After a worryingly dated hands-on with Star Wars Outlaws, Ubisoft’s galactic open world feels less exciting than expected

Last year, Ubisoft’s unveiling of Star Wars Outlaws was one of my highlights of the not-E3 period. In a lengthy hands-off demo, we saw protagonist Kay Vess and her little helper Nix sneak through an enemy base, blast her way out into the open world, rip across it on a speeder and scrape her way through conversations with a crime lord.
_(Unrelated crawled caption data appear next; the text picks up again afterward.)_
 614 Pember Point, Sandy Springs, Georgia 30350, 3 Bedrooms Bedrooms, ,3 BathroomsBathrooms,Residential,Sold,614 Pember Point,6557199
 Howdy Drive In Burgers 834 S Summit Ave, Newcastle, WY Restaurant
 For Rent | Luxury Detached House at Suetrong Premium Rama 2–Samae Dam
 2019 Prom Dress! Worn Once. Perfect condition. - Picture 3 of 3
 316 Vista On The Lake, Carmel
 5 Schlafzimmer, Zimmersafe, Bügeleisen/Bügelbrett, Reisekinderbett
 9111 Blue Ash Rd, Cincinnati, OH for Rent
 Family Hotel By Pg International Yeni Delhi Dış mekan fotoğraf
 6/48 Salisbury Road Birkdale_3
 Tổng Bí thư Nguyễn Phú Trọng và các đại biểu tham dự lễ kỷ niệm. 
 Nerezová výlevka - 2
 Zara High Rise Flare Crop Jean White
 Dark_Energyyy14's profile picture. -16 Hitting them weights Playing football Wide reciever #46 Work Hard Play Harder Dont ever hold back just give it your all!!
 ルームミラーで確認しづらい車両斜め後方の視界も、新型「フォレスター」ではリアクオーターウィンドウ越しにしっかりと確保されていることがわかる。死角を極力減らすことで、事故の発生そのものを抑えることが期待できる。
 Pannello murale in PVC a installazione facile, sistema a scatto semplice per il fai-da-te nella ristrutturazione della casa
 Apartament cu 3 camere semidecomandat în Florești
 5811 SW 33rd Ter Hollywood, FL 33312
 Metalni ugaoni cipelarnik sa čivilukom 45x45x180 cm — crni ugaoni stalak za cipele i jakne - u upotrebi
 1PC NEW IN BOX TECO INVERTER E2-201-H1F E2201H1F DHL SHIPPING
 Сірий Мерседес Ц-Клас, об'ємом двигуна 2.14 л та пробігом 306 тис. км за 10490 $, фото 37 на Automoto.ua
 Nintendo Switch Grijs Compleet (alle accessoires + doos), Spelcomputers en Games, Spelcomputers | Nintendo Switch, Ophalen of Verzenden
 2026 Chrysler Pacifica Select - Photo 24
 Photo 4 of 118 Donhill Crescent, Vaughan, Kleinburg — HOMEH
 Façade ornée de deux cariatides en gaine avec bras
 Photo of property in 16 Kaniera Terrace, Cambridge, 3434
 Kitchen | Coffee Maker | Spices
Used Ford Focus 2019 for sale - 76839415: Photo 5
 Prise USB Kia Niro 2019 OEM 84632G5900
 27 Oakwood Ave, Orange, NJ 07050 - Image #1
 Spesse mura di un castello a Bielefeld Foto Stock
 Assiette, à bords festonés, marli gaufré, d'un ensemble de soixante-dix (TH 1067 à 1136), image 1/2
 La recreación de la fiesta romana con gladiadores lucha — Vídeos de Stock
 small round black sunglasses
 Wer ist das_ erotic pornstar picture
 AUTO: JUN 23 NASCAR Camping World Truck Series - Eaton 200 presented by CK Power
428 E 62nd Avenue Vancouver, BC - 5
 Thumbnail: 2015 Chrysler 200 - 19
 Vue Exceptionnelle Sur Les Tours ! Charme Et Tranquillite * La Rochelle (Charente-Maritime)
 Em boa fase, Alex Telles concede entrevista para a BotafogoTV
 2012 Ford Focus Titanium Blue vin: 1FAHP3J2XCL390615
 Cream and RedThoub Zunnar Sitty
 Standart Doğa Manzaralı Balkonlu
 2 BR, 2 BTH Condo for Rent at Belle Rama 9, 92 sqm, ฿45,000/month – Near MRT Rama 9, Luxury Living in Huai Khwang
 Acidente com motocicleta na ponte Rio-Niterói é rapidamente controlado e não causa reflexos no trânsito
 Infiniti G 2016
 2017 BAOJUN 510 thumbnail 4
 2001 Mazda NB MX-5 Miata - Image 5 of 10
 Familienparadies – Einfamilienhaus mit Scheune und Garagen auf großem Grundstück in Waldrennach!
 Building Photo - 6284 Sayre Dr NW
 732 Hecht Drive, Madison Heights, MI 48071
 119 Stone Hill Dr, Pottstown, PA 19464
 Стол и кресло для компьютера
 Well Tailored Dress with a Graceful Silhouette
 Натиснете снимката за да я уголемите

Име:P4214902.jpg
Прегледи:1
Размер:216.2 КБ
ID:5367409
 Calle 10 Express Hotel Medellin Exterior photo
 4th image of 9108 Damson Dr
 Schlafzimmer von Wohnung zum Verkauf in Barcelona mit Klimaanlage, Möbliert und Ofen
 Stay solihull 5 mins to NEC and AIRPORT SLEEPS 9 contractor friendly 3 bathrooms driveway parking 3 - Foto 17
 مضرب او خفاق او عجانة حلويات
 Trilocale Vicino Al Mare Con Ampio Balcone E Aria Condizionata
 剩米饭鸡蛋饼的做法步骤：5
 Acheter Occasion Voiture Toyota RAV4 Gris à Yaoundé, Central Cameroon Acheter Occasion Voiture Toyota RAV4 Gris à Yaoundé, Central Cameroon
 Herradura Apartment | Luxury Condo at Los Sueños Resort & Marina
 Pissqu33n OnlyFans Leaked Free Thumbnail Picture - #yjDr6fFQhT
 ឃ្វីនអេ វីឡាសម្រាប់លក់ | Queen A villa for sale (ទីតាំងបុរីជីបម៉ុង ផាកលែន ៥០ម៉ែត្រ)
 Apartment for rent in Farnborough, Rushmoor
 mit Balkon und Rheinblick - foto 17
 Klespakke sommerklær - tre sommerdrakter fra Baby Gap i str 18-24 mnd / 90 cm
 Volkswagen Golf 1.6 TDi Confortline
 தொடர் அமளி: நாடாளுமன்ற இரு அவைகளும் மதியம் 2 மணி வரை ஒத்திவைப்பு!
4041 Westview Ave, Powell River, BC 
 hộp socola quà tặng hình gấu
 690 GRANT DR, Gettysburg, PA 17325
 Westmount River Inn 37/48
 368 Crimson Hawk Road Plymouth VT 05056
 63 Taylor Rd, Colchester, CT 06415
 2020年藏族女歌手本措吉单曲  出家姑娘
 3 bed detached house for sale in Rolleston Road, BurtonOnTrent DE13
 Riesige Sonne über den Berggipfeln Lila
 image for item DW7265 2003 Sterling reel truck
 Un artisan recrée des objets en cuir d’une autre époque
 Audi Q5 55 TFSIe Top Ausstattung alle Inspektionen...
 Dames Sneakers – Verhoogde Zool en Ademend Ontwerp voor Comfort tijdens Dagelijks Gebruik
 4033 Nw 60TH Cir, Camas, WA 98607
It was about as close as we’ve been to a proper Han Solo video game, but it was also about the promise that comes with Ubisoft Massive, the team best known for The Division, applying the Ubisoft touch to a world that’s always seemed a perfect fit for it. Yes, the “Ubi formula” for open worlds and their icon-littered maps has become tired to the point of parody, but there’s a lovable simplicity to them too, the old cliché of certain games being “fast food” returning again – sometimes I want a burger, and if you stamp a little Republic logo on it my simple-minded inner child is still just about alive enough to crack a smile. A bit more simply: I’m not proud of it, but I do quite fancy the idea of a big, busywork-filled map of Star Wars activities, which is probably why EA’s Star Wars Jedi games were, if not hugely inventive, at least very good fun.

Having played Star Wars Outlaws for a good hour or so ahead of the Ubisoft Forward show, however, I’ve come away with a renewed appreciation for Jedi Fallen Order and Jedi Survivor. In fact no, a bit more than that – in comparison to Outlaws’ admittedly early, work-in-progress demo, they stand as singular pieces of revolutionary high art. Outlaws’ early gameplay feels positively ancient – not only mechanically but in execution, in its near total lack of character, flair, invention, detail, or style. In trying to describe it, the closest comparison I can draw is with Uncharted: Golden Abyss, which launched in 2011 on the PS VIta.